My Mother’s Country is a personal account of the Coniston Massacre of 1928, in two parts.

Curator’s notes

My Mother’s Country – Part 2 continues to tell the story of the Coniston Massacre of 1928 but in more detail, thus allowing the audience to be transported into the situation in which the Indigenous peoples were killed. My Mother’s Country – Part 2 deals more with the physicality of the story of the Coniston Massacre of 1928, with family members walking around the rock holes and other places where relatives were at the time they were attacked by the punitive police party. White ghost gums grow in the area where the people were killed, and the storyteller tells us that the ghost gums have grown from the spirit of the murdered. The family takes care of the area of the white ghost gums, making sure it is kept clean, treating the site with great sensitivity.

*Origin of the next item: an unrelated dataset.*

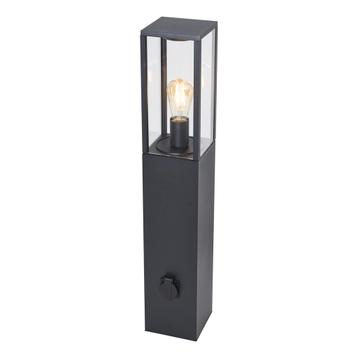 Moderne staande buitenlamp zwart 80cm met stopcontact IP44 - beschikbaar voor biedingen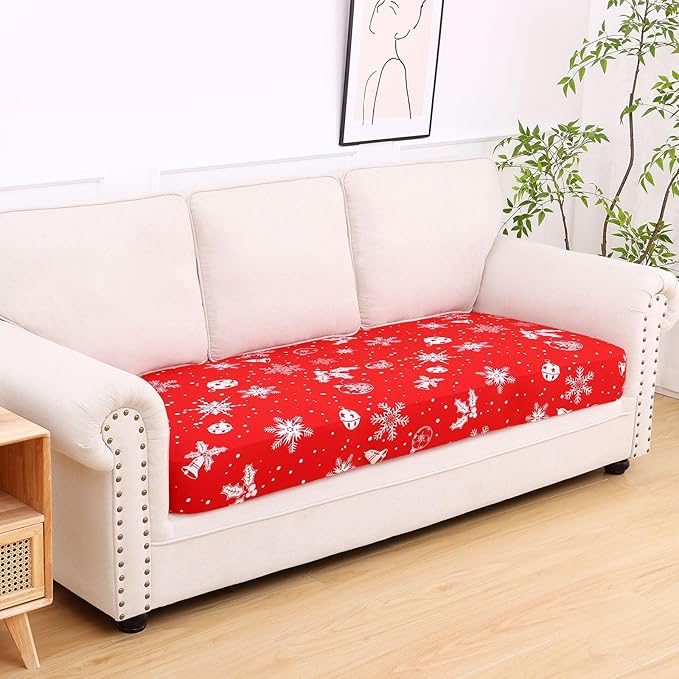 hyha Printed Couch Cushion Covers, Floral Sofa Covers Washable for 3 Cushion Couch, Stretch Pattern Outdoor Cushion Covers for Patio Furniture with Elastic Bottom(Large, Snowflake Bell)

The importance of films like My Mother’s Country is that through the survivors of the massacres and the oral histories passed through family heritage, we get a sense of how much time and energy was necessary to execute these kinds of atrocities. In other words, these are not arbitrary acts of violence, but intentional. The re-enactments give the story physicality by allowing us to view actual people in the situations being spoken about in the story. The paintings enhance aspects of the story, like people camping around a rock hole when they were intruded upon. The very intimate, personal and emotional aspects of the story are captured through the re-enactment, and the paintings then provide us with context. The true importance of the film though, is that in the telling of this story and other stories like it, the silent victims of the massacre are at last given a voice. The film itself ends with a call for reconciliation and the need to apologise to those who were murdered.